Lesson 8 (2019) discussion & wiki

Please use this thread to discuss lesson 8. Since this is Part 2, feel free to ask more advanced or slightly tangential questions - although if your question is not related to the lesson much at all, please use a different topic.

Thread for general chit chat (we won’t be monitoring this).

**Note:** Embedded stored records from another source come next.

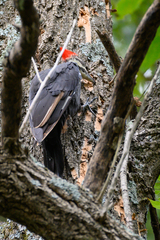 Dryocopus pileatus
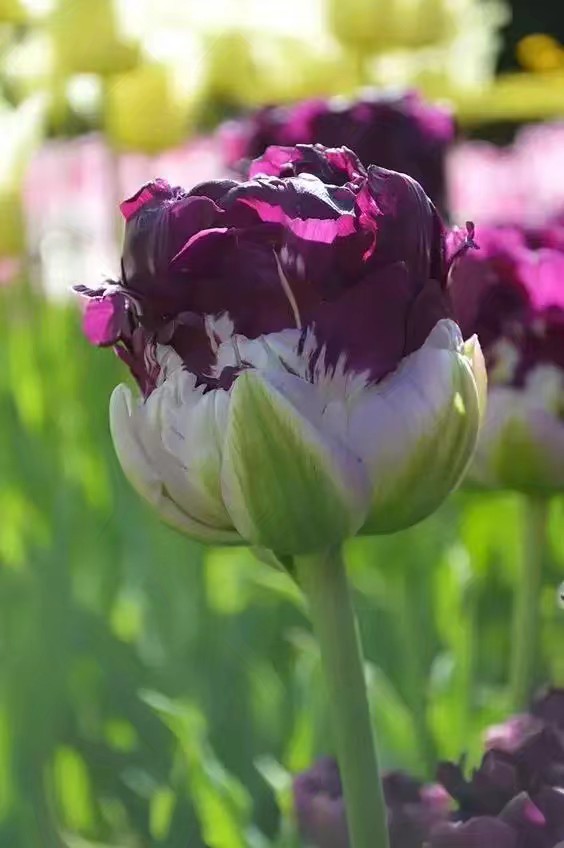 郁金香植物园欣赏,精美郁金香图片欣赏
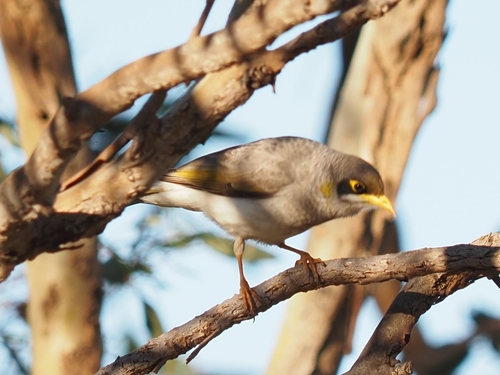 Yellow-throated Miner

Note that this is a forum wiki thread, so you all can edit this post to add/change/organize info to help make it better! To edit, click on the little edit icon at the bottom of this post. Here’s a pic of what to look for:

Lesson resources


Sometimes, occasionally, shockingly, Jeremy makes mistakes. It is rumored that these mistakes were made in this lesson:

  1. Jeremy claimed that these are equivalent:
for i in range(ar):
    c[i] = (a[i].unsqueeze(-1)*b).sum(dim=0)
    c[i] = (a[i,None]*b).sum(dim=0)

But they’re not (noticed by @stas - thanks!) The 2nd one isn’t indexing the second axis. So it should be:

for i in range(ar):
    c[i] = (a[i,:,None]*b).sum(dim=0)

Things mentioned in the lesson


Notes and other resources

Use this Jupyter notebook to start running the “Deep Learning From the Foundations” notebooks on Colab
Annotated notebooks for Lessons 8 - 12
Lesson 8 notes by @Lankinen
Lesson 8 notes by @wittmannf
Lesson 8 notes by @gietema
Lesson 8 notes by @Borz
Lesson 8 notes by @timlee

Blog posts and tutorials

“Assigned” Homework

  • Review concepts 16 concepts from Course 1 (lessons 1 - 7): Affine Functions & non-linearities; Parameters & activations; Random initialization & transfer learning; SGD, Momentum, Adam; Convolutions; Batch-norm; Dropout; Data augmentation; Weight decay; Res/dense blocks; Image classification and regression; Embeddings; Continuous & Categorical variables; Collaborative filtering; Language models; NLP classification; Segmentation; U-net; GANS
  • Make sure you understand broadcasting
  • Read section 2.2 in Delving Deep into Rectifiers: Surpassing Human-Level Performance on ImageNet Classification
  • Try to replicate as much of the notebooks as you can without peeking; when you get stuck, peek at the lesson notebook, but then close it and try to do it yourself

I think its lesson 1 instead of Lesson 8.

1 Like

I believe the lesson orders are all connected. Part 1 had the first seven lessons. Part 2 will have the next set of lessons starting at #8.


It is lesson 8 mod 7: )



I don’t see the course ml2 link, will it be open soon?

1 Like

Small question before the beginning of the lesson : how redundant is part 2 v3 with part 2 v2 ? Is it worth it to go through part 2 v2 after finishing part 2 v3 ?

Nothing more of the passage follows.